Oleh sebab itu, bila umat beragama ingin baik dalam berbangsa maka bukan ulama hukum saja yang harus tampil menjelaskan persoalan keummatan melainkan juga membutuhkan ulama filsafat, politik, psikologi, tehnologi, sosiologi, antropologi, serta ulama lainnya yang mampu membacakan dan mengembangkan secara kreatif dan inovatif ayat-ayat Allah baik yang normative maupun formatif. Dengan demikian kita membutuhkan lahirnya fiqih-fiqih baru selain fiqih yang berorientasi hukum belaka seperti yang dominan selama ini. Salah satu yang urgen adalah fiqih Toleransi. Bagaimana cara pandang fiqih toleransi tersebut dapat kita uraikan sebagai berikut :

Pertama : Sepakat dengan pemahaman kemajemukan (understanding of plurality ) dalam ayat ( tanda ) sebagai nikmat Allah swt. Kemajemukan diciptakan bertujuan untuk saling mengenal antar sesama manusia, saling menolong, saling berkompetisi dalam kebaikan. Menurut Rasyid Ridha ( 1987 ) , mengatakan ,” Dalam penciptaan seluruh umat manusia dari satu jiwa terdapat sejumlah tanda yang sangat jelas tentang kuasa, pengetahuan, hikmah dan ke-Esaan Allah swt. Eksistensi keragaman manusia di dalam aneka bangsa dan suku tidak untuk memunculkan permusuhan dan peperangan ( Al-Maududi “ 1977 ). Sebagaimana Firman Allah swt, Qs. Al-Maidah : 2 ), yang artinya ; Hai orang-orang yang beriman, janganlah kamu melanggar syi'ar-syi'ar Allah, dan jangan melanggar kehormatan bulan-bulan haram, jangan (mengganggu) binatang-binatang had-ya, dan binatang-binatang qalaa-id, dan jangan (pula) mengganggu orang-orang yang mengunjungi Baitullah sedang mereka mencari kurnia dan keredhaan dari Tuhannya dan apabila kamu telah menyelesaikan ibadah haji, maka bolehlah berburu. Dan janganlah sekali-kali kebencian(mu) kepada sesuatu kaum karena mereka menghalang-halangi kamu dari Masjidilharam, mendorongmu berbuat aniaya (kepada mereka). Dan tolong-menolonglah kamu dalam (mengerjakan) kebajikan dan takwa, dan jangan tolong-menolong dalam berbuat dosa dan pelanggaran. Dan bertakwalah kamu kepada Allah, sesungguhnya Allah amat berat siksa-Nya.( Qs.Al-Maidah : 2 ).
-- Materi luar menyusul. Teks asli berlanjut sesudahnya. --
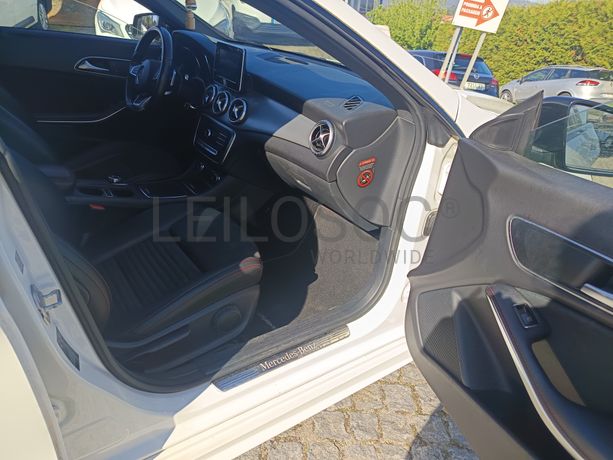 Mercedes-Benz CLA 220d · Ano 2017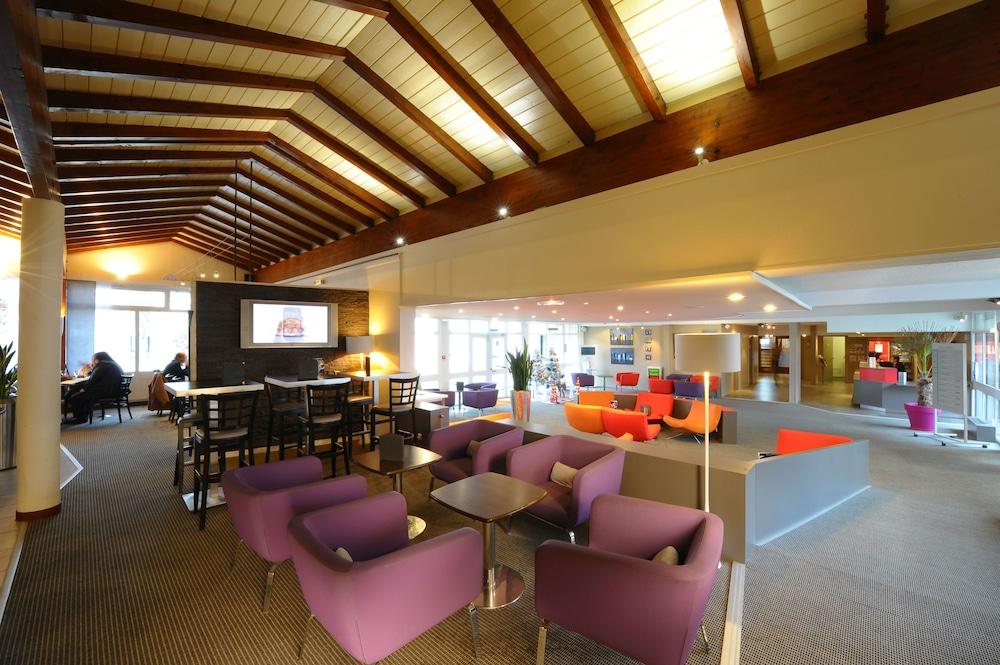 Best Western Porte Du Forez Андрезьё-Бутеон Экстерьер фото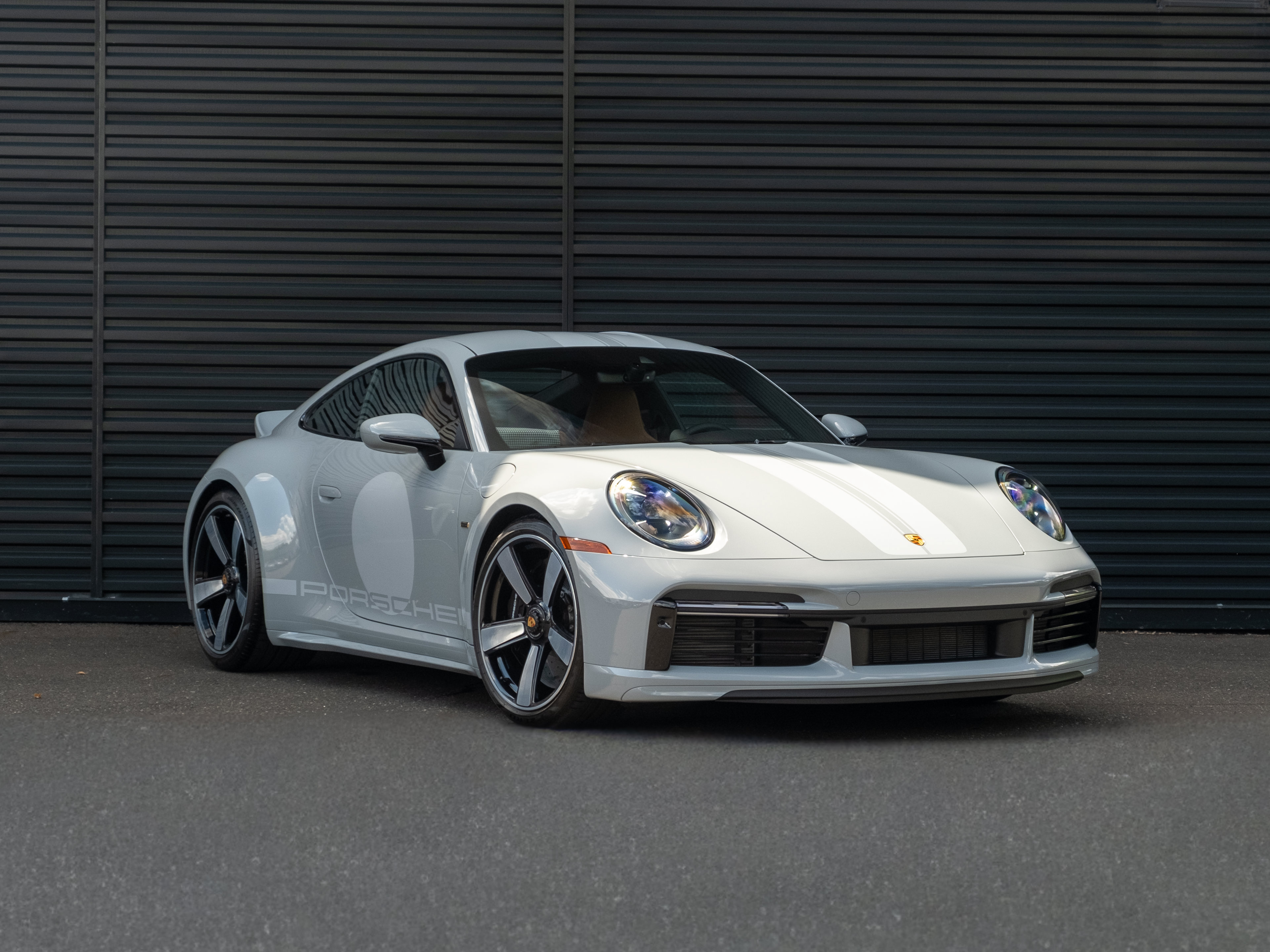 Used 2023 Porsche 911 Sport Classic RWD image 10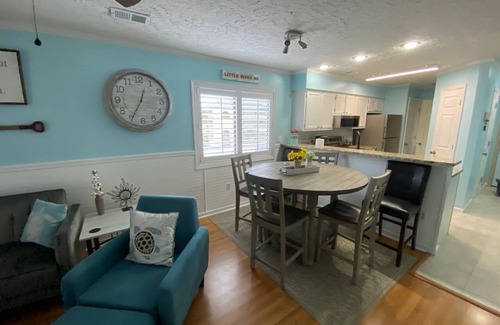 Little River Condominio | Cute Little River Condo, Newly updated 2 bedrooms 3 beds, sleeps 4-5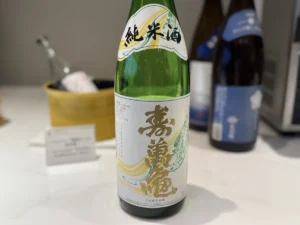 千葉・鴨川の風土を醸す。食卓にそっと寄り添う「純米酒 寿萬亀」の優しい調和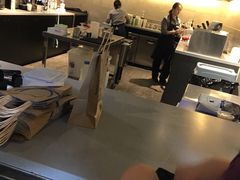 -瑞幸咖啡(新世界中心店)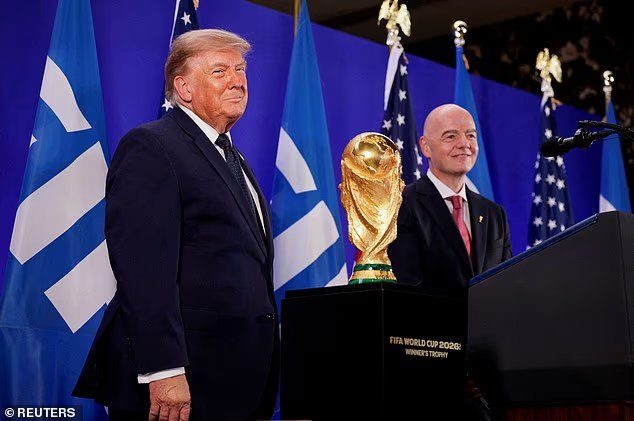 DONALD TRUMP critique désormais la tactique "inhabituelle" de Thomas Tuchel
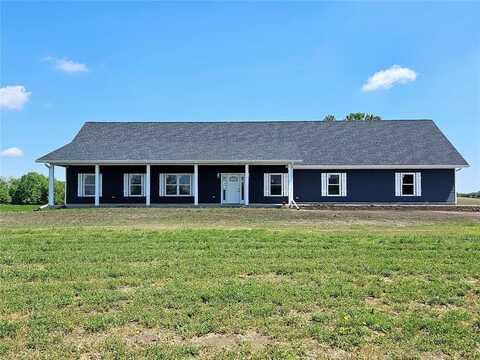 7936 217th Avenue, Martelle, IA 52305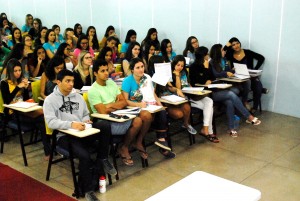 Walder- Cursos- realiza- aulão- no- Cesmac-  38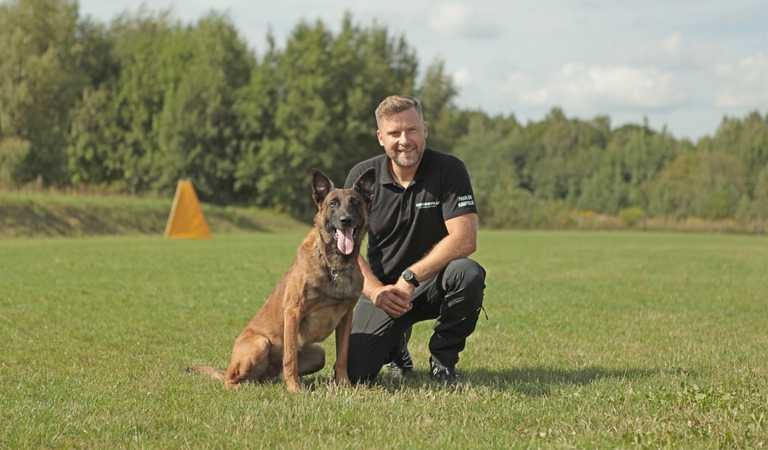 Talentingas: P.Kaupelis dresūros aikštelėje sutinka įvairiausių šunų, tačiau Brasą giria kaip išskirtinį. 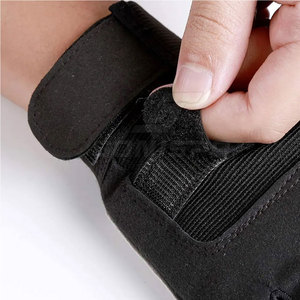 SONISPO Half Finger Gym <b>Gloves</b> PU Leather Non-Slip Adjustable Wrist Strap Weight Lifting Fitness <b>Gloves</b> Unisex - Product Image 6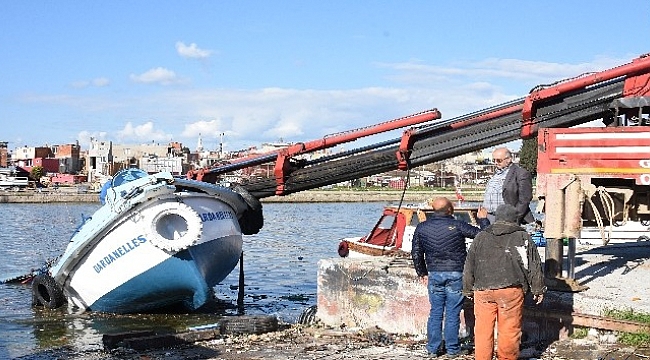 Üzerine Vinç Düşen Tekne Kullanılamaz Hale Geldi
Begitupun dalam surat Al-Hujurat ayat yang ke 13 Allah Swt. Berfirman yang artinya : Hai orang-orang yang beriman, jauhilah kebanyakan purba-sangka (kecurigaan), karena sebagian dari purba-sangka itu dosa. Dan janganlah mencari-cari keburukan orang dan janganlah menggunjingkan satu sama lain. Adakah seorang diantara kamu yang suka memakan daging saudaranya yang sudah mati? Maka tentulah kamu merasa jijik kepadanya. Dan bertakwalah kepada Allah. Sesungguhnya Allah Maha Penerima Taubat lagi Maha Penyayang ( Qs. Al-Hujurat : 13 ).

Dalam kitab Al-Muntakhab disebutkan, setiap umat memiliki kiblat yang menjadi arah tujuannya dalam ibadah / sholat menurut ketentuan syariatnya yang terdahulu. Akan tetapi dalam perbedaan kiblat itu tidak ada yang lebih unggul. Keunggulan dan keutamaan hanya lahir dari ketaqwaa, ketaatan dan perbuatan baik . ( Al-Kasani : 1958 ). Ketaqwaan dan keta’atan adalah pembeda derajat manusia disisi Tuhannya. Sebab itu umat yang taat dan bertaqwa adalah umat memegang teguh toleransi. Disini kebersamaan sebagai makhluk manusia terjalin dengan kuat ( hablim minannas ) dan ketaatan dan ketaqwaan kepada Allah swt terjaga dengan baik ( hablumminallah ).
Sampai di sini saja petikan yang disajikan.